Static Analysis for Bugs vs. Vulnerability Assessments

At this point everyone is aware of findbugs and uses it religiously, right?

Right?

Findbugs uses static analysis to find bugs. More precisely, it uses static analysis to find bugs that can be found by static analysis. For instance I’ve seen a common pattern of

public void foo(Object obj) {
    if (obj != null) {
        obj.doSomething();
    }

    // lots of obscuring code

    obj.doSomethingElse()
}

Should we check for null a second time? Did we need to check the first time? Should we have returned from the ‘if’ clause?

Why do we also need vulnerability assessment?

What is vulnerability assessment? How is it different from bugs?

The key concept is that vulnerable code is superficially bug-free but is still vulnerable to misuse to attack this site or its users.

An example of vulnerable code is using unsanitized user-provided values. Anyone working on the front-end should know the importance of sanitizing these values.

But what happens when user-provided data is passed out of the front-end, e.g., when it’s written to the database? Will everyone who pulls data from the database know that it might contain unsanitized user-provided data? What about malicious data put into the database via SQL injection?

Static analysis for vulnerability assessment looks a lot like static analysis to find bugs, just a lot more through. Whereas findbugs may take 5 minutes to run Veracode may take a few hours!

(Dynamic analysis takes this a step further and runs the tests against a live system. You can do a light version of this using integration tests.)

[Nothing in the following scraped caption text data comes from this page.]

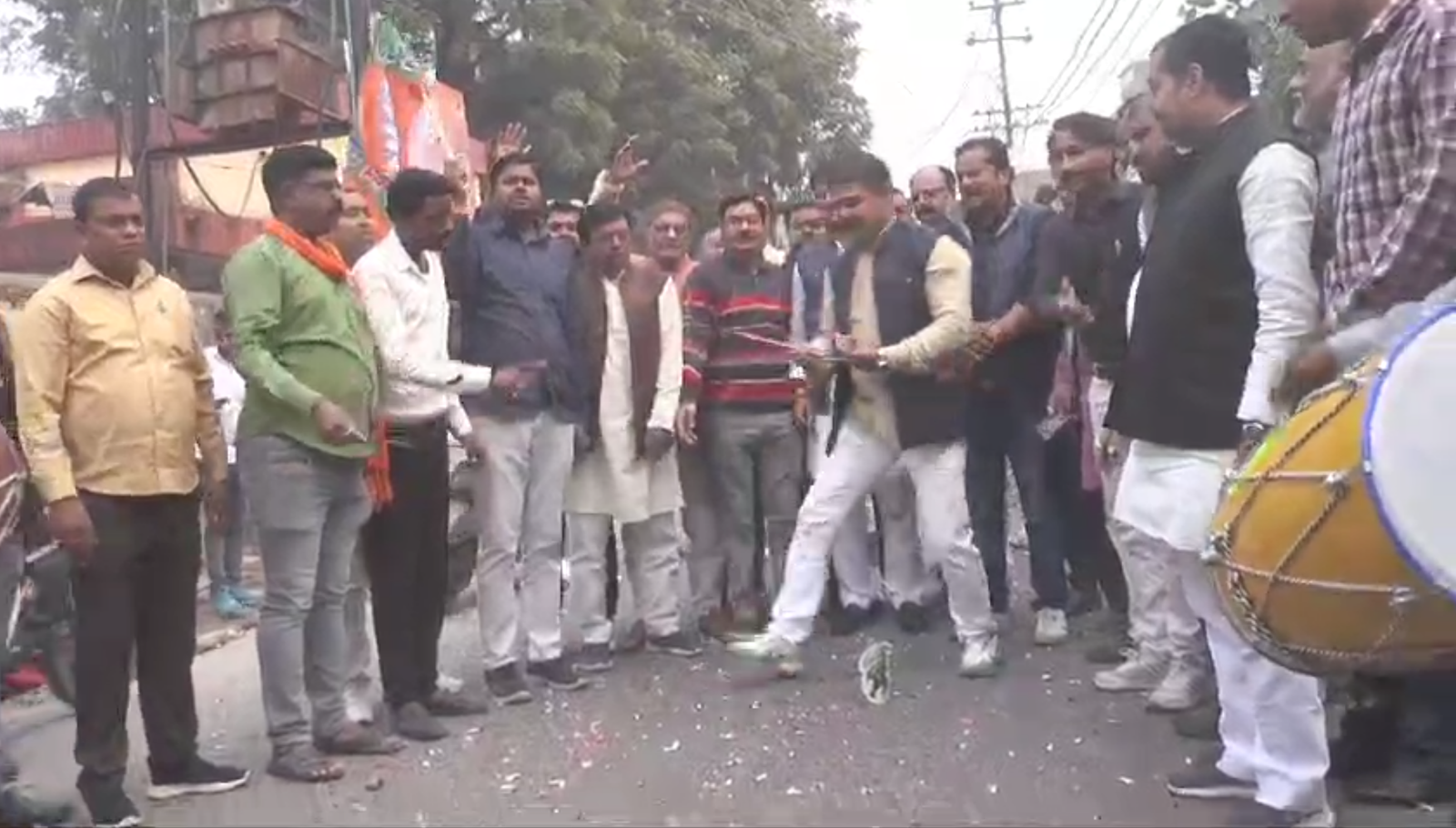 बीजेपी ने यूपी में 7, महाराष्ट्रा साफ, मनाया जीत का जश्न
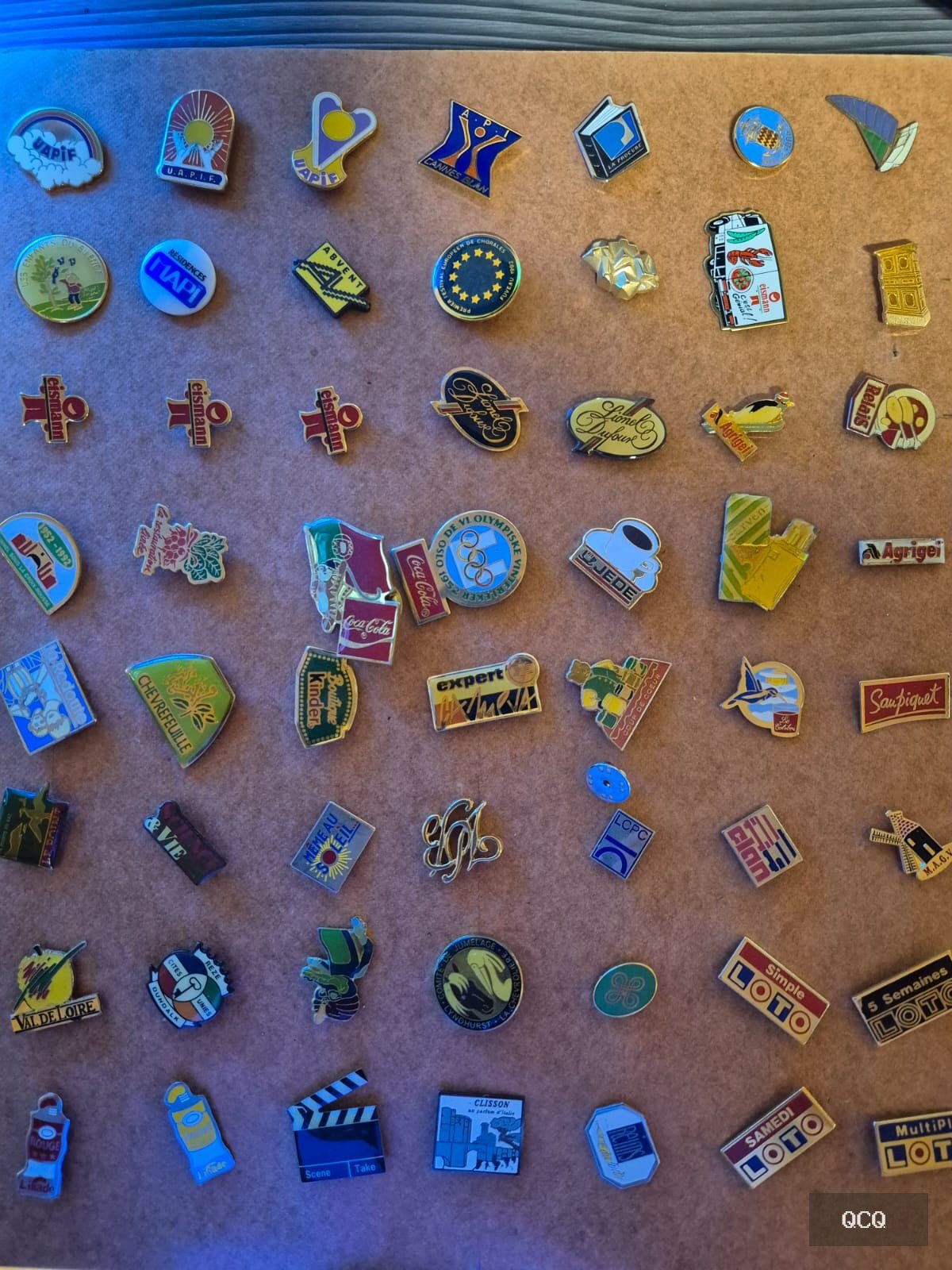 Photo 3 de Important lot de plus de 100 pin’s de collection – aviation, tourisme, marques et divers
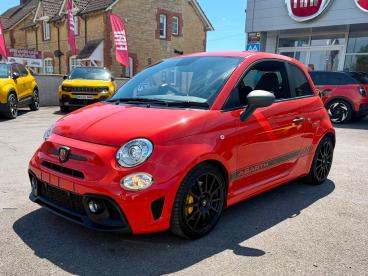 SPOTICAR Abarth 695 1.4 T-jet Competizione Auto Euro 6 3dr Used Car - City Car Petrol Orange - Chippenham - 1200620595_3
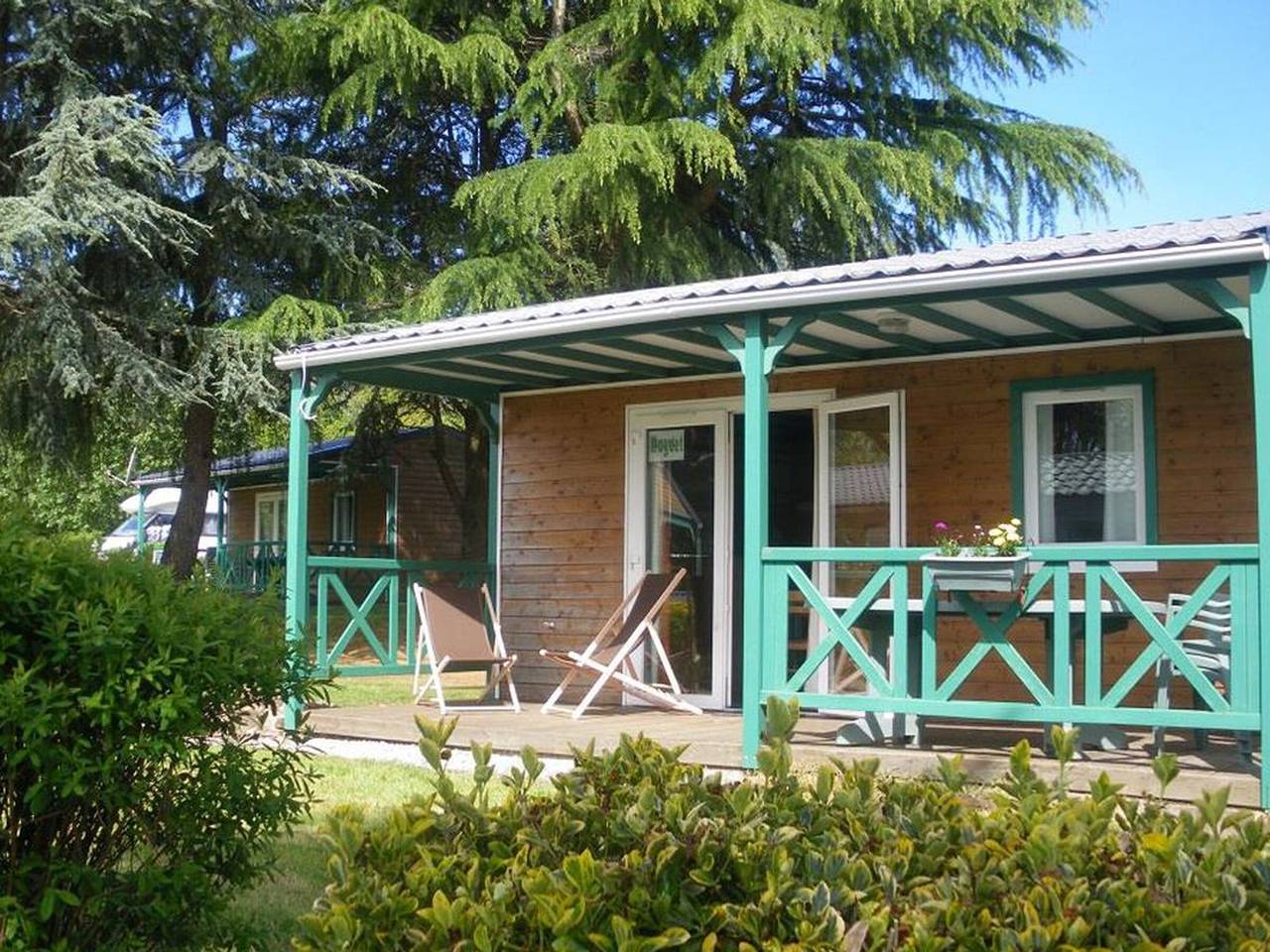 Chalet avec Terrasse pour 4 Pers. in Bieuzy, Région de Pontivy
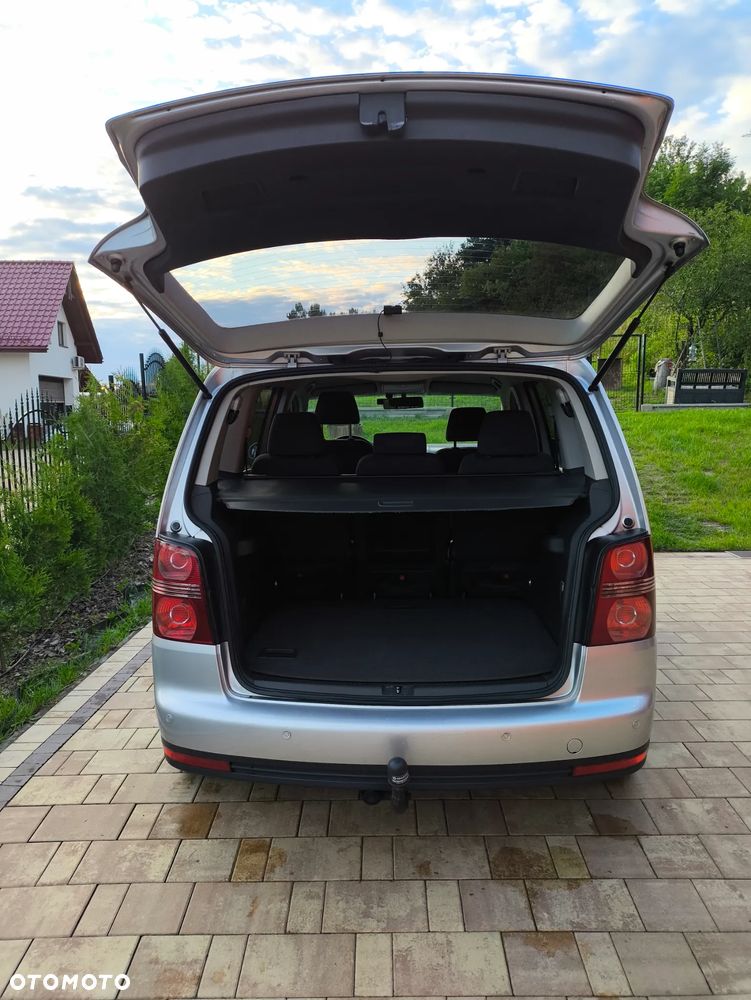 Volkswagen Touran 1.6 United - 9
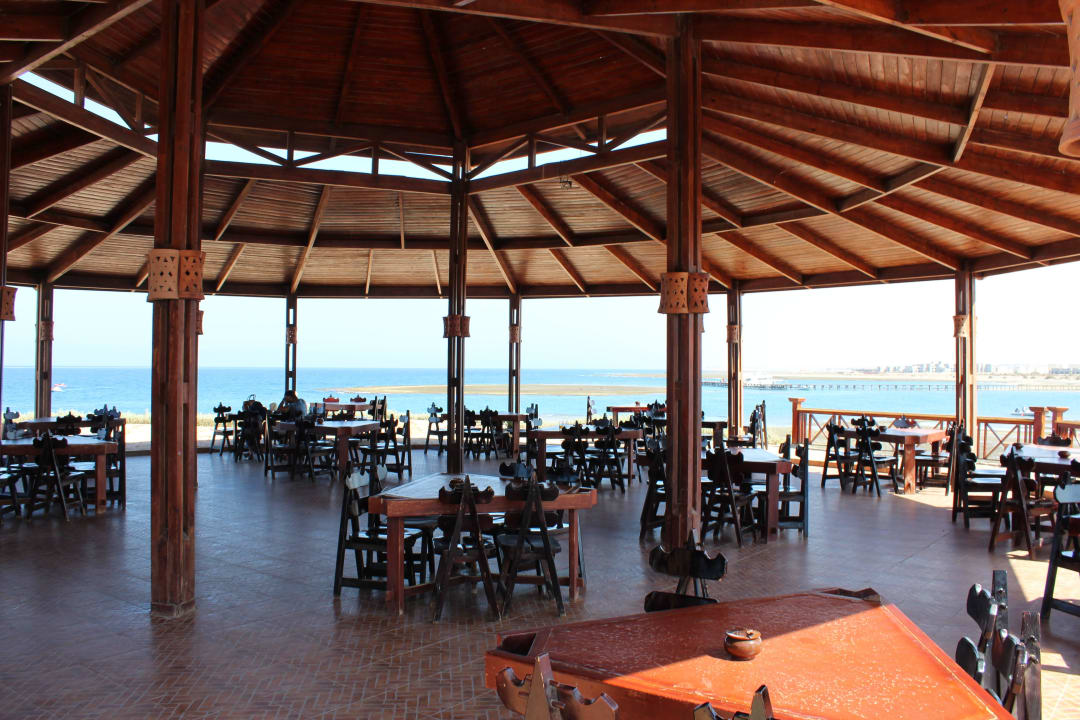 Panoramabar. Three Corners Equinox Beach Resort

Artifacts for Vulnerability Assessment

What do we need to provide for vulnerability assessments? The short answer is three things:

  • our compiled code (e.g., java or scala)
  • our scripted code (e.g., jsp)
  • every jar file we depend on, recursively

We don’t need to provide our source code or resources. The compiled code does need to include debug systems so it can give meaningful error messages – knowing only that there’s 19 defects in a library containing 79 classes isn’t very helpful!

A good format is a tarball containing:

  • our jar and wars at the top level, sans version number
  • our dependencies under “/lib”, with version number

The version numbers are stripped or retained for tracking purposes. Our code has a continuity across multiple runs. Our dependencies can change at any time and don’t have any continuity beyond what’s explicitly indicated in the version numbers.

Our war files should be stripped of embedded jars since they’ll be present under the ‘lib’ directory. “Thick” war files just increase the size of the uploaded artifact.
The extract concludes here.